:: GOAL OF THE EXERCISE ::
Of the entries below, restate word for word only the section that runs from the line with "Ajatsatru Hotel Gajá Kültér fotó" to the line with "bistecche di salmone", counting both ends.

Start of THE RECORDS

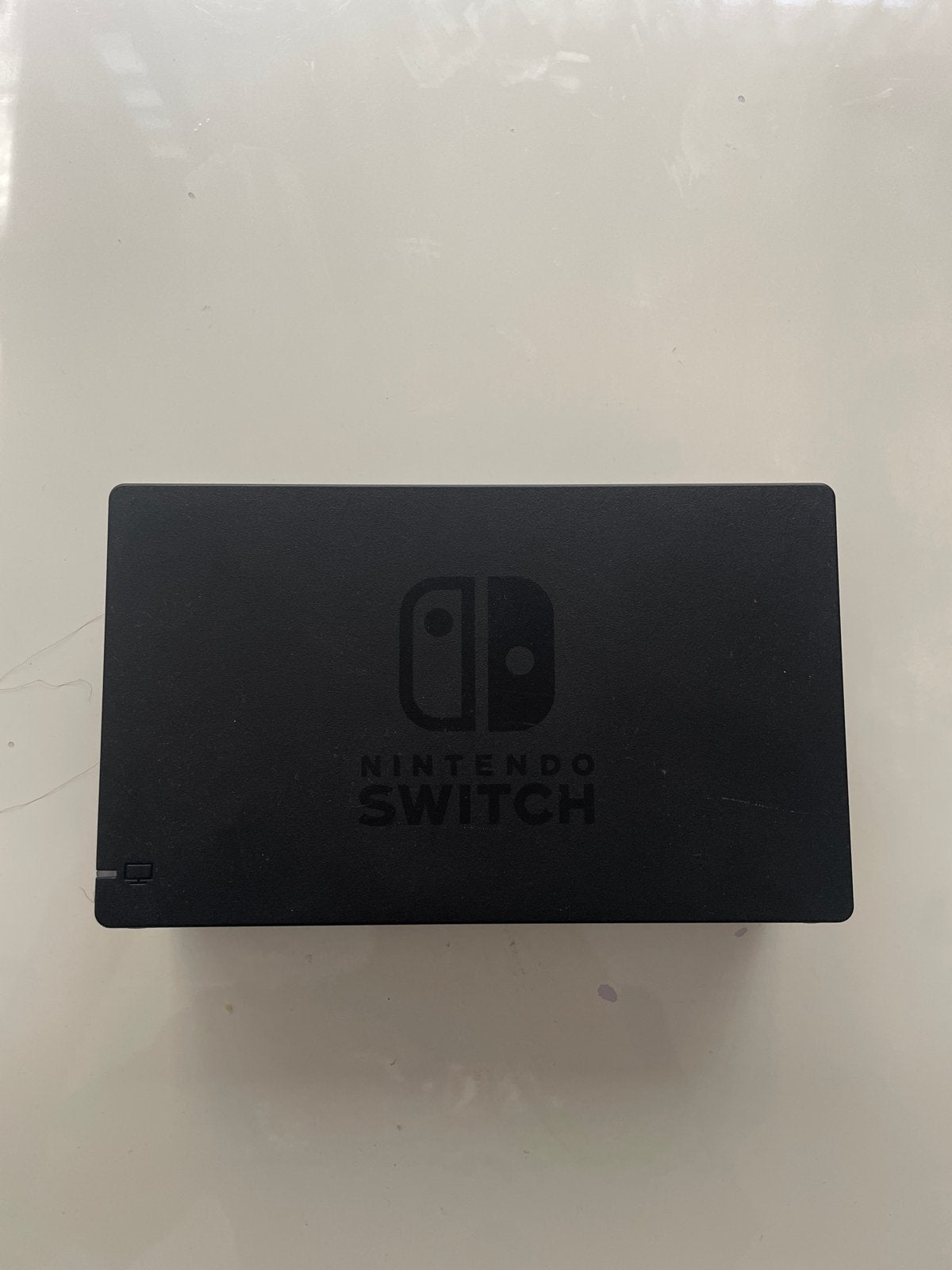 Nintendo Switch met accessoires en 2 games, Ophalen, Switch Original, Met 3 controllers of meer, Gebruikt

End of THE RECORDS
Start of THE RECORDS

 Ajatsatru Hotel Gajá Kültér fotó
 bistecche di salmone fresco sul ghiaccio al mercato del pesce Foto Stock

End of THE RECORDS
Start of THE RECORDS

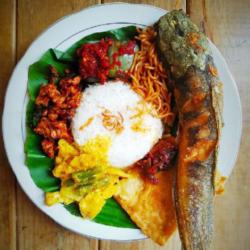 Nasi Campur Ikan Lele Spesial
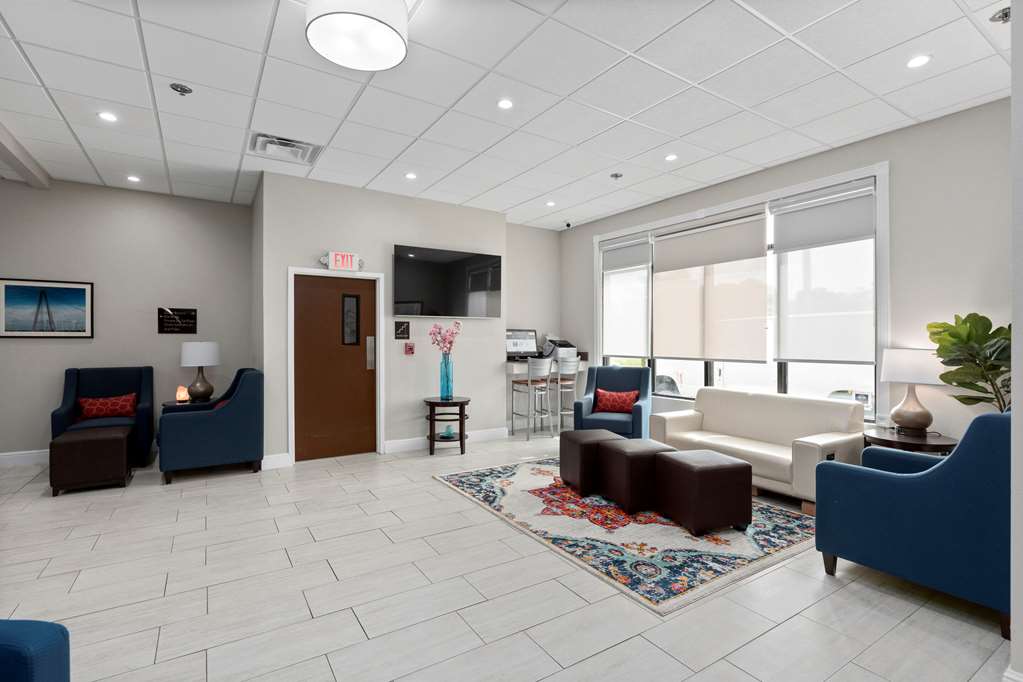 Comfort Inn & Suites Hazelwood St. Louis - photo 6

End of THE RECORDS

:: RESULT OF THIS EXERCISE ::
 Ajatsatru Hotel Gajá Kültér fotó
 bistecche di salmone fresco sul ghiaccio al mercato del pesce Foto Stock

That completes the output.